Tue Jul 27 07:05:11 PDT 2010

Peter Alexander wrote:
> Personally, I would just expose all accelerated algorithms for sorted 
> ranges, and make the user call them explicitly e.g. if they know their 
> range is sorted, make them call binarySearch (or whatever) instead of find.
> 
> I have two primary reasons for this:
> 
> 1. Having the function choose the right algorithm puts an undue burden 
> on the function writer, which translates into increased uncertainty for 
> the user of the function, "If I call find(assumeSorted(r)), is it going 
> to use binary search? What if I call SomeThirdParty.find? Will it know 
> about assumeSorted?"
> 
> 2. While we're only discussing assumeSorted now, there are a myriad of 
> other assumeX wrappers that would be useful:
> 
> assumeUnimodal(range) - Allows ternary search for maxElement.
> assumeDistinct(range) - uniq doesn't need to do anything.
> assumePrime(int) - e.g. getFactors(assumePrime(x)) returns [1, x]
> assumeAssociative(binOp) - power can work in O(lg(n)).
> 
> * power!(binOp)(a, b) := reduce!(binOp)(replicate(a, b))
> 
> Do we provide wrappers for these as well, and make the algorithms check 
> for all relevant ones?
> 
> ---
> 
> I say no. Provide ternarySearch, powerAssociative etc., and let the user 
> choose them when he/she knows they are the right algorithm. That way, 
> function writers can focus on writing specialized functions, and 
> function users can rest assured that the function they are calling is 
> performing the algorithm that they expect (with the complexity bounds 
> that they expect).

I am quoting this in full because I agree with it in full! I think this 
and opIn_r settle the matter in favor of making the additional goodies 
members of Sorted!Range.

A few additional thoughts:

- Experience with the STL has shown that "specialized functions for 
improved complexity with specialized syntax" (a la find as a member vs 
nonmember) fare better than "best-effort functions" (a la STL's distance).

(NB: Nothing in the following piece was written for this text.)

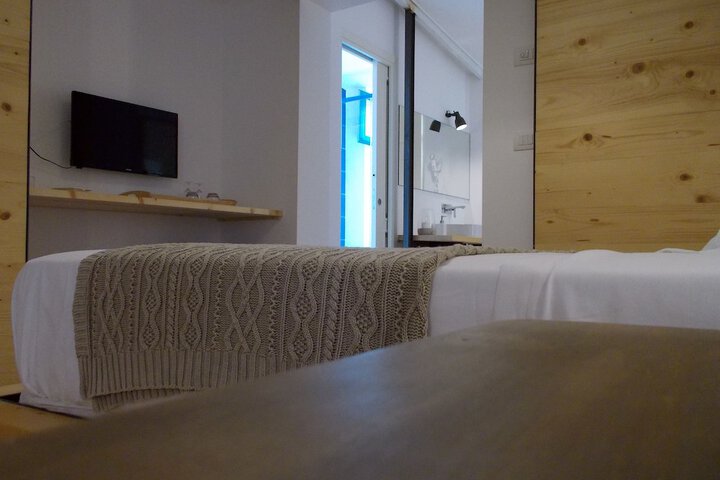 Room 7 of 12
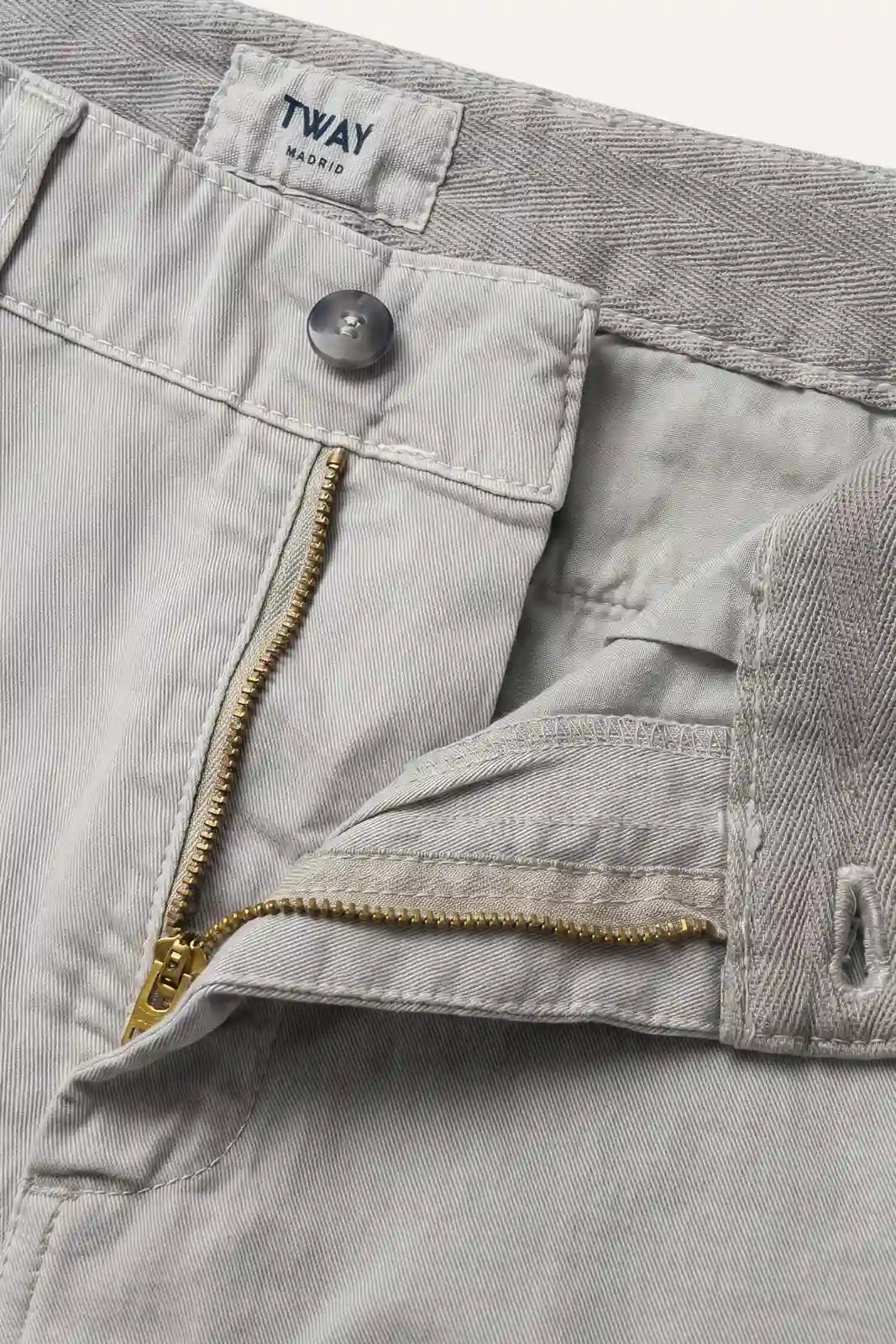 BERMUDAS CHINO GRIS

- I'm considering allowing assignment to .front, .back, [k] etc. with 
runtime enforcement that the assignment doesn't break the ordering. 
There is a lure to have them actually shuffle the assigned element in 
the right place, but that would break many assumptions. Many algorithms 
assume that after r.front = x they can assert(r.front == x).

- All binary search operators (lowerBound, upperBound, equalRange) 
should be made members of Sorted!Range. So instead of writing:

// We know r is sorted, baby
auto r1 = upperBound(r, x);

you'd write:

auto r1 = assumeSorted(r).upperBound(x);

thus essentially moving the comment into the code. (I also have a cool 
idea for statistically checking sortedness without deteriorating 
complexity. Essentially assumeSorted(r) could check that r is sorted by 
tossing a rigged coin with P(head)=1.0/r.length and deciding to check if 
head comes up. That way, the amortized complexity of the check is O(1)).

This all raises the question: where should this Sorted(R) in the making 
go? It's a range so it should go in std.range, but it's mostly a 
motivator for algorithms, so it should go in std.algorithm. Tiebreakers?

I'm very excited about this development. Maybe I should include some of 
this stuff in my Google talk on Friday.

Andrei